__Stored dataset items__.
********************
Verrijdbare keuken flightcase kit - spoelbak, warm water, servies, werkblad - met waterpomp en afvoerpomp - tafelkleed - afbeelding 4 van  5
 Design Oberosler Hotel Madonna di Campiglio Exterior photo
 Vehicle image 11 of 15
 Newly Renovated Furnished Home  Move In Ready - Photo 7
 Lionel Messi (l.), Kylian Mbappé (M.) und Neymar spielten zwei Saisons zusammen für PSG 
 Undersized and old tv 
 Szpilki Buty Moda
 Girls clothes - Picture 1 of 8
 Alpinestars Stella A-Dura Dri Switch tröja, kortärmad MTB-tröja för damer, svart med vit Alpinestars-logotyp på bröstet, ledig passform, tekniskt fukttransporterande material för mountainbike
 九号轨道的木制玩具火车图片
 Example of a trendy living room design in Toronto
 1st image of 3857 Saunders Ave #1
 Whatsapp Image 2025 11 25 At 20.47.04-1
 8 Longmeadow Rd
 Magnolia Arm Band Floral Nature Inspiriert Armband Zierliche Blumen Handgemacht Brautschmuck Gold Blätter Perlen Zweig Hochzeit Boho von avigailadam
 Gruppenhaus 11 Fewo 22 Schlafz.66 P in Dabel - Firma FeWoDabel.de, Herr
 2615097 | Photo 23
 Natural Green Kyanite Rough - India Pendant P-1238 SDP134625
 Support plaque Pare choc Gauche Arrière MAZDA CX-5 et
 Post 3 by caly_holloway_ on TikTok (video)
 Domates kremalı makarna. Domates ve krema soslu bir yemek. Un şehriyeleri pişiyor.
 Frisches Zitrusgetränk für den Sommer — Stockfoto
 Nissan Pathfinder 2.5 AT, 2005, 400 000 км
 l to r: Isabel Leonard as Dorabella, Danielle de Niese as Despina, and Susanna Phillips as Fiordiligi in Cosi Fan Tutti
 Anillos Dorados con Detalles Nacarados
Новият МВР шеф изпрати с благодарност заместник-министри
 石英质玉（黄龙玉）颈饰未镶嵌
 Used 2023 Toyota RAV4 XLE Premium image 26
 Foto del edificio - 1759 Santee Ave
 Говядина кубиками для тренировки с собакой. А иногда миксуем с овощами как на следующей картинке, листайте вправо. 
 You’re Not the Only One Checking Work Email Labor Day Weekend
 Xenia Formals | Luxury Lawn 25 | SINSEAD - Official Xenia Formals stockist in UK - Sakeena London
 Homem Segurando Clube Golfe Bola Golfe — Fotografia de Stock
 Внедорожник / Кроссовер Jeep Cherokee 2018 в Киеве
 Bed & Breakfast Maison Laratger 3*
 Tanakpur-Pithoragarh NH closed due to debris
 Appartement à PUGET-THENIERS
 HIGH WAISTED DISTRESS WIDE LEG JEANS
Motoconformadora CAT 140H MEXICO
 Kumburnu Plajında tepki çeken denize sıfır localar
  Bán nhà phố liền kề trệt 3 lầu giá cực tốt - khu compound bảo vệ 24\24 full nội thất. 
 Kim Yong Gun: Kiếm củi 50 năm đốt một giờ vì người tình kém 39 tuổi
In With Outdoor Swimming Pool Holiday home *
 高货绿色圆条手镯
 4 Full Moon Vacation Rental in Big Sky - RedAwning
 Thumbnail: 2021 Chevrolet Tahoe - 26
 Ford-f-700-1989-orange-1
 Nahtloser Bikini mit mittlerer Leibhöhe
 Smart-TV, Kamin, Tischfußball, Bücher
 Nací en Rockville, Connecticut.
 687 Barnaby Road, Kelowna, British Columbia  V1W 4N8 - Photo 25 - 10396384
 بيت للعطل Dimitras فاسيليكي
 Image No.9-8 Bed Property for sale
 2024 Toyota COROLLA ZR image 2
********************
__Exercise__. The answer should consist only of the lines from the one containing "Motoconformadora CAT 140H MEXICO" through the last line of the data, given again exactly.

__Answer to this problem__.
Motoconformadora CAT 140H MEXICO
 Kumburnu Plajında tepki çeken denize sıfır localar
  Bán nhà phố liền kề trệt 3 lầu giá cực tốt - khu compound bảo vệ 24\24 full nội thất. 
 Kim Yong Gun: Kiếm củi 50 năm đốt một giờ vì người tình kém 39 tuổi
In With Outdoor Swimming Pool Holiday home *
 高货绿色圆条手镯
 4 Full Moon Vacation Rental in Big Sky - RedAwning
 Thumbnail: 2021 Chevrolet Tahoe - 26
 Ford-f-700-1989-orange-1
 Nahtloser Bikini mit mittlerer Leibhöhe
 Smart-TV, Kamin, Tischfußball, Bücher
 Nací en Rockville, Connecticut.
 687 Barnaby Road, Kelowna, British Columbia  V1W 4N8 - Photo 25 - 10396384
 بيت للعطل Dimitras فاسيليكي
 Image No.9-8 Bed Property for sale
 2024 Toyota COROLLA ZR image 2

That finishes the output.